This repository comprises an implementation of a short-text topic estimator. The novel approach utilizes Wikipedia categorization.
It's suggested to use pip when installing those modules, also note that sudo will be needed.
-
nltk and its libraries
-
redis for python
To put it shortly:
sudo pip install nltk
sudo pip install redis
Ad 1) First install the module, then download its libraries by typing into python console:
import nltk
nltk.download()
After a window has been poped up, select all libraries and download them.

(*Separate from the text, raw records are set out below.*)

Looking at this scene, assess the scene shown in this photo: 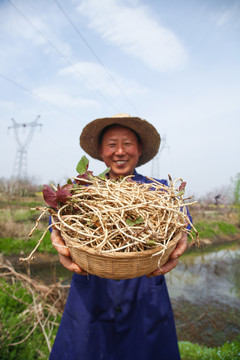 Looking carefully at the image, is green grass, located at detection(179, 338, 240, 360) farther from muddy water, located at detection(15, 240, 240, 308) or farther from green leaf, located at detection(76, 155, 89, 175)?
green leaf, located at detection(76, 155, 89, 175)

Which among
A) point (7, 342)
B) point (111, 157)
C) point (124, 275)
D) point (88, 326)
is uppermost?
point (111, 157)

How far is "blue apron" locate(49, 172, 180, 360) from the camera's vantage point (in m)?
1.52

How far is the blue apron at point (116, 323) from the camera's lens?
1.52 metres

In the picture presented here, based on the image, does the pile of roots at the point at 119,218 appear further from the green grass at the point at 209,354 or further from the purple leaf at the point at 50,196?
the green grass at the point at 209,354

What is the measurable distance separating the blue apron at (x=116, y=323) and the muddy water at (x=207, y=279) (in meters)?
4.05

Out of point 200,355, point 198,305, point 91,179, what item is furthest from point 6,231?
point 91,179

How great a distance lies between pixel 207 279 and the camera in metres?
6.90

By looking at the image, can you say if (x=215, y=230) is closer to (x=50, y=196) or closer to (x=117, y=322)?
(x=117, y=322)

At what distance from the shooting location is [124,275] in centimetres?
96

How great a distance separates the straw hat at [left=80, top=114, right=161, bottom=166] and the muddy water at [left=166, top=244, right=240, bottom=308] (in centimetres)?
404

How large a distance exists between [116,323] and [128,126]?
5.24 ft

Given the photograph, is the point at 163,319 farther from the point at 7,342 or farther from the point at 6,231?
the point at 6,231

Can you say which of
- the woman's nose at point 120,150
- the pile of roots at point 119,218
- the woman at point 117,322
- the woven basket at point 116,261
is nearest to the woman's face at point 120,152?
the woman's nose at point 120,150

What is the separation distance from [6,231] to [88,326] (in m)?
7.18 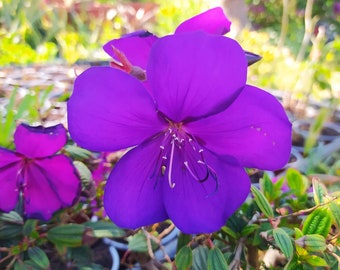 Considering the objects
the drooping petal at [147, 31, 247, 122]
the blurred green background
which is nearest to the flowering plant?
the drooping petal at [147, 31, 247, 122]

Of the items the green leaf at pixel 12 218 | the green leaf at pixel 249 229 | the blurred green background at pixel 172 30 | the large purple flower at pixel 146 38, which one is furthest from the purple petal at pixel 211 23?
the blurred green background at pixel 172 30

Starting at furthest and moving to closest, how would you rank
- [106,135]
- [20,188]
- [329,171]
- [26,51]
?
[26,51] → [329,171] → [20,188] → [106,135]

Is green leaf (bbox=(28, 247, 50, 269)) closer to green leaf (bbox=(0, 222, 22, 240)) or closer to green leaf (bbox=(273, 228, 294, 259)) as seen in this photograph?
green leaf (bbox=(0, 222, 22, 240))

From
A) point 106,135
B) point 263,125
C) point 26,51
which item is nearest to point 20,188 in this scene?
point 106,135

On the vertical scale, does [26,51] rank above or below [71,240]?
below

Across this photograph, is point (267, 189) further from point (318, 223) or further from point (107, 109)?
point (107, 109)

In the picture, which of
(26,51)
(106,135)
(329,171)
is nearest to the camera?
(106,135)

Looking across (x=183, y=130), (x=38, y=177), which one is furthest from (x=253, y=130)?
(x=38, y=177)

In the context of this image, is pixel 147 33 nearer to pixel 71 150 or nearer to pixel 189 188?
pixel 189 188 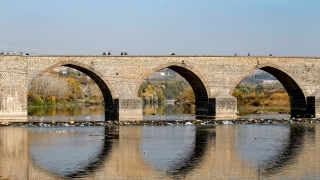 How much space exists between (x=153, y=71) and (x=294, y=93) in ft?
34.1

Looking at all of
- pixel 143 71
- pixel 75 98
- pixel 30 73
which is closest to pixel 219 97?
pixel 143 71

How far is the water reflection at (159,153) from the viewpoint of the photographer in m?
15.5

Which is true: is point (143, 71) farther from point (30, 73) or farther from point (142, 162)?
point (142, 162)

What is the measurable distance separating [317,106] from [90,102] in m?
42.3

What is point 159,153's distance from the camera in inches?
758

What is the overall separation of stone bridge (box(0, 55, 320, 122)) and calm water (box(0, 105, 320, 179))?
823 cm

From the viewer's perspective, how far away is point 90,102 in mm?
79312

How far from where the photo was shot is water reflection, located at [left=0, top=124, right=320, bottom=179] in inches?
612

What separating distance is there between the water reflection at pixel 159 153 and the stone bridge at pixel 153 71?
8251 mm

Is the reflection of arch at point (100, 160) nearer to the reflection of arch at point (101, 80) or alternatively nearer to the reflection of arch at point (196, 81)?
the reflection of arch at point (101, 80)

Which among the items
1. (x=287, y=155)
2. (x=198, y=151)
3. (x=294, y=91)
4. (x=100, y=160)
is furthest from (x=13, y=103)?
(x=287, y=155)

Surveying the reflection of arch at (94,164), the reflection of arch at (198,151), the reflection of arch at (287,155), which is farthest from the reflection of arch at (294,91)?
the reflection of arch at (94,164)

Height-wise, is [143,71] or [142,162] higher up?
[143,71]

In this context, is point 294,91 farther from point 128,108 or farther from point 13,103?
point 13,103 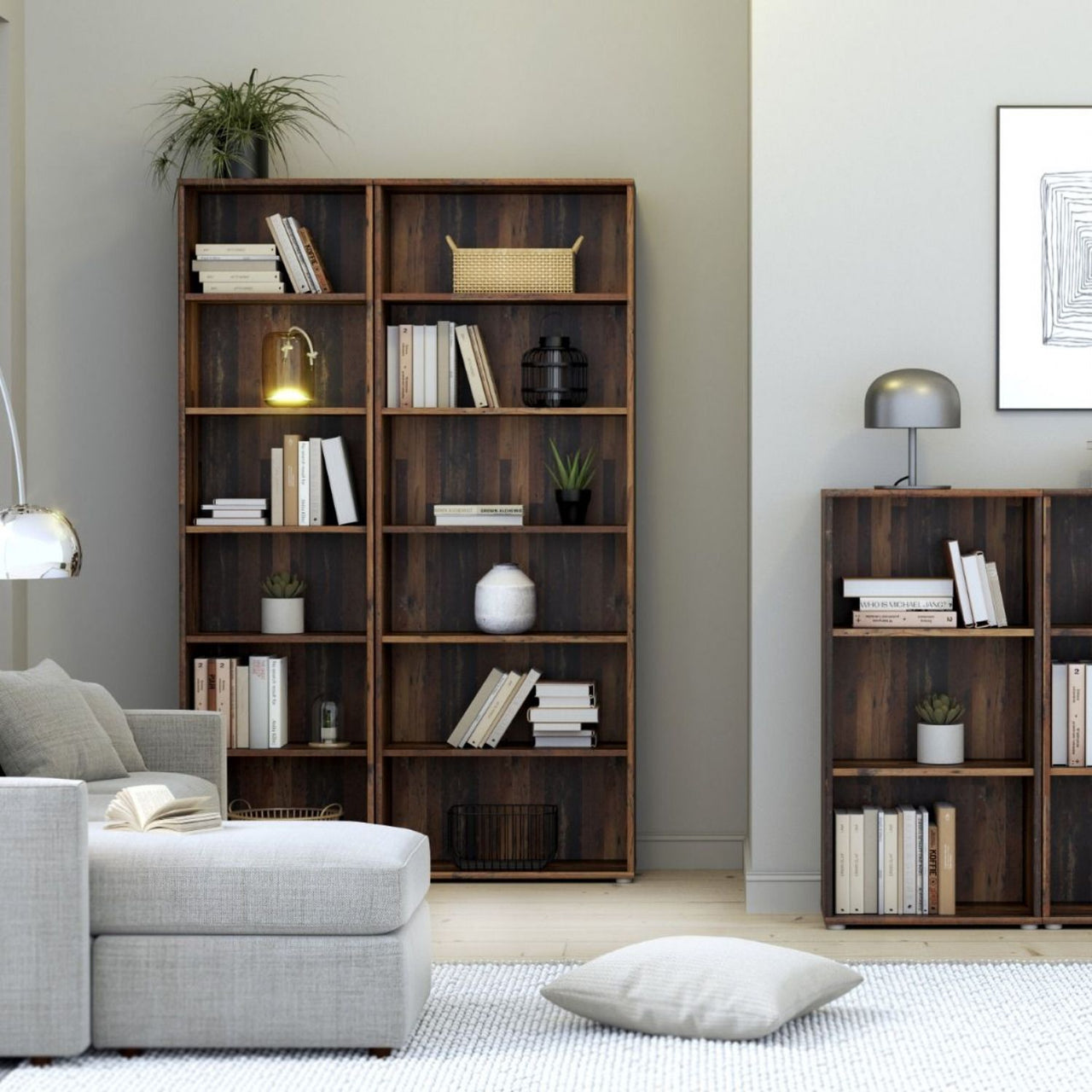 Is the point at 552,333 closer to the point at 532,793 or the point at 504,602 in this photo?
the point at 504,602

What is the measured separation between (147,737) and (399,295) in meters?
1.65

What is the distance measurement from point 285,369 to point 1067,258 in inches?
99.4

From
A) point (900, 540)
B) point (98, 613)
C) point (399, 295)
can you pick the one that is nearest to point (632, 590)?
point (900, 540)

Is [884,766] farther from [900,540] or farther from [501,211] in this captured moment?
[501,211]

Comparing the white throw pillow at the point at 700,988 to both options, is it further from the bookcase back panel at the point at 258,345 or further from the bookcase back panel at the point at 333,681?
the bookcase back panel at the point at 258,345

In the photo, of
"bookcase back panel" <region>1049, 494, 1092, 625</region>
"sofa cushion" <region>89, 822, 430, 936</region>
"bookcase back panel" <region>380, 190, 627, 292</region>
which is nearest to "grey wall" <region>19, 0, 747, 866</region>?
"bookcase back panel" <region>380, 190, 627, 292</region>

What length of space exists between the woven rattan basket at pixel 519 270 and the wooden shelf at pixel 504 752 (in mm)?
1536

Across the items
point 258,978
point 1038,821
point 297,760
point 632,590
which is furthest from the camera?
point 297,760

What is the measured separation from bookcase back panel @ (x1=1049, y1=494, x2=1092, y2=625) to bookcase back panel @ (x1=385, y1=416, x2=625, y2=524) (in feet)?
4.74

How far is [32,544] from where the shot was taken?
303 centimetres

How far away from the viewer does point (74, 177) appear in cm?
521

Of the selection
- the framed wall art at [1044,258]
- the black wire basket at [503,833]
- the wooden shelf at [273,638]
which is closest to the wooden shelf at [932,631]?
the framed wall art at [1044,258]

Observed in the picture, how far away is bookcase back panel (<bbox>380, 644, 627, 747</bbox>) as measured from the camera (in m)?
5.14

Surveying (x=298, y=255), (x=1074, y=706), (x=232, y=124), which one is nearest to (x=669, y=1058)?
(x=1074, y=706) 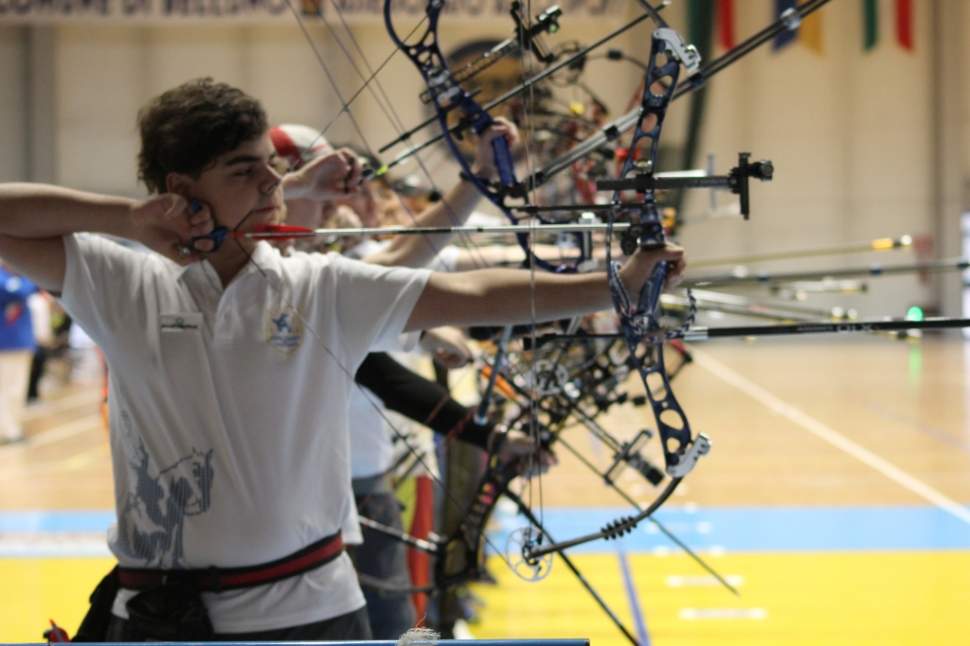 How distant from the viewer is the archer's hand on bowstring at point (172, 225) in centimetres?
133

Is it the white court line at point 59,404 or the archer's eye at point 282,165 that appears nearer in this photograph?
the archer's eye at point 282,165

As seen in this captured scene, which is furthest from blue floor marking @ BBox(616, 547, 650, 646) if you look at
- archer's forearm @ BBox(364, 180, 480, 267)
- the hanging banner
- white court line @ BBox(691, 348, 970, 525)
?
the hanging banner

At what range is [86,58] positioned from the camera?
42.6 ft

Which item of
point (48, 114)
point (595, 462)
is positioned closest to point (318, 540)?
point (595, 462)

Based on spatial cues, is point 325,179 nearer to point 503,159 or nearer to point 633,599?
point 503,159

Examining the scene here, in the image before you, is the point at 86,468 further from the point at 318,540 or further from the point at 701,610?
the point at 318,540

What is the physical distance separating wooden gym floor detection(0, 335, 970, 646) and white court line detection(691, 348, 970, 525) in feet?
0.06

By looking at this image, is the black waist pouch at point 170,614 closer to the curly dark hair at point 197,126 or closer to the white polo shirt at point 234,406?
the white polo shirt at point 234,406

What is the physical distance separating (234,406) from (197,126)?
1.03 feet

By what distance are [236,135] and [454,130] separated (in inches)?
16.1

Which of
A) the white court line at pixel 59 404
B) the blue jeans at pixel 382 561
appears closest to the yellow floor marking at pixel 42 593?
the blue jeans at pixel 382 561

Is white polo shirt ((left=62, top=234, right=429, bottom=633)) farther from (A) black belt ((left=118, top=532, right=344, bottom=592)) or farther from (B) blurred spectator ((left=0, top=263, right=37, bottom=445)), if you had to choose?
(B) blurred spectator ((left=0, top=263, right=37, bottom=445))

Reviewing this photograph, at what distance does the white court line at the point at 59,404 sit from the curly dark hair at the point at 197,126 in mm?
7475

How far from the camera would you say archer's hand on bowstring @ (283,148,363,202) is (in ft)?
5.48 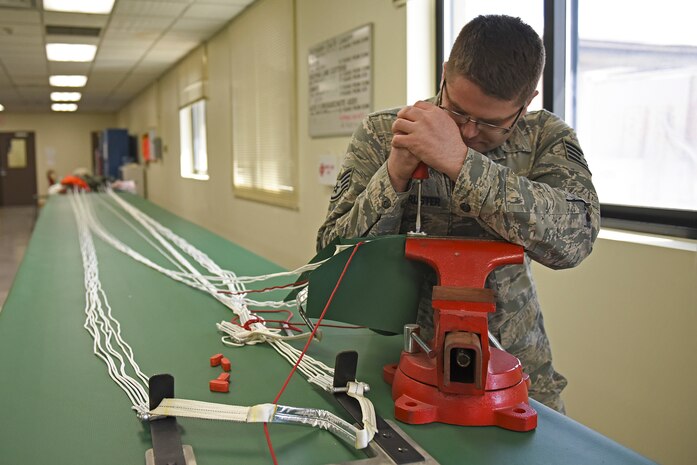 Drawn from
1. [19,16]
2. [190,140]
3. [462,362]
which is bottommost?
[462,362]

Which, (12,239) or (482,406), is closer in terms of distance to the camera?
(482,406)

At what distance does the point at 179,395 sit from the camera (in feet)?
3.50

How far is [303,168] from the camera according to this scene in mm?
4711

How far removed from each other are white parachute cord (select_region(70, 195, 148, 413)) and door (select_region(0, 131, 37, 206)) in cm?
1576

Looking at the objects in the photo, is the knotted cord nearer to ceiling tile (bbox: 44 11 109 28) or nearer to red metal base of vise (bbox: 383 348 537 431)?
red metal base of vise (bbox: 383 348 537 431)

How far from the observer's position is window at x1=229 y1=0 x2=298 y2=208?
16.3ft

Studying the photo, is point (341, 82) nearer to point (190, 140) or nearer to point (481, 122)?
point (481, 122)

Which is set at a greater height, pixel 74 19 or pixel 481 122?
pixel 74 19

It's possible that some of them will fail, which should not cause any problems in this usage.
-
Running redis server locally without password or usernames
-
Redis filled up with data
Check the wiki_db/cs
folder which shall comprise 4 zip archives which includes ready-to-use redis import files. When exported, there will be 4 files following this schema <table name>_redis.txt
.
In case all of the above said is true and the files are included (and are up-to-date), you can skip to the step 2.
If the wiki_db/cs
folder is empty, download the sql dumps from https://dumps.wikimedia.org/cswiki/
. It has been tested that the latest
folder is usually incomplete, therefore, use the latest dump named by numbers only.
Download only those tables: categorylinks
, page
, redirect
. And put them into the wiki_db/cs
folder.
Go to the wiki_db
folder and run in terminal: <dir to wiki_db>/sql2redis_cs.bash
.
This script takes the sql dumps in wiki_db/cs as input and converts them into a redis mass-insert file. Also note that for different sql, dumps just change names in the bash script.
If lemm_redis.txt
is missing as well, follow the instructions in: https://github.com/wattik/word-lemmatisation.
Assuming a redis server is running, to insert a redis file into redis run:
cat <dir to wiki_db>cs/page_redis.txt | redis-cli --pipe
cat <dir to wiki_db>cs/categorylinks_redis.txt | redis-cli --pipe
cat <dir to wiki_db>cs/redirects_redis.txt | redis-cli --pipe
cat <dir to wiki_db>cs/lemm_redis.txt | redis-cli --pipe
Now redis includes all data.
There are several tasks one require from the module, however, two general ways are suggested: estimate a topic of a specific text, or run the estimator for several csv file.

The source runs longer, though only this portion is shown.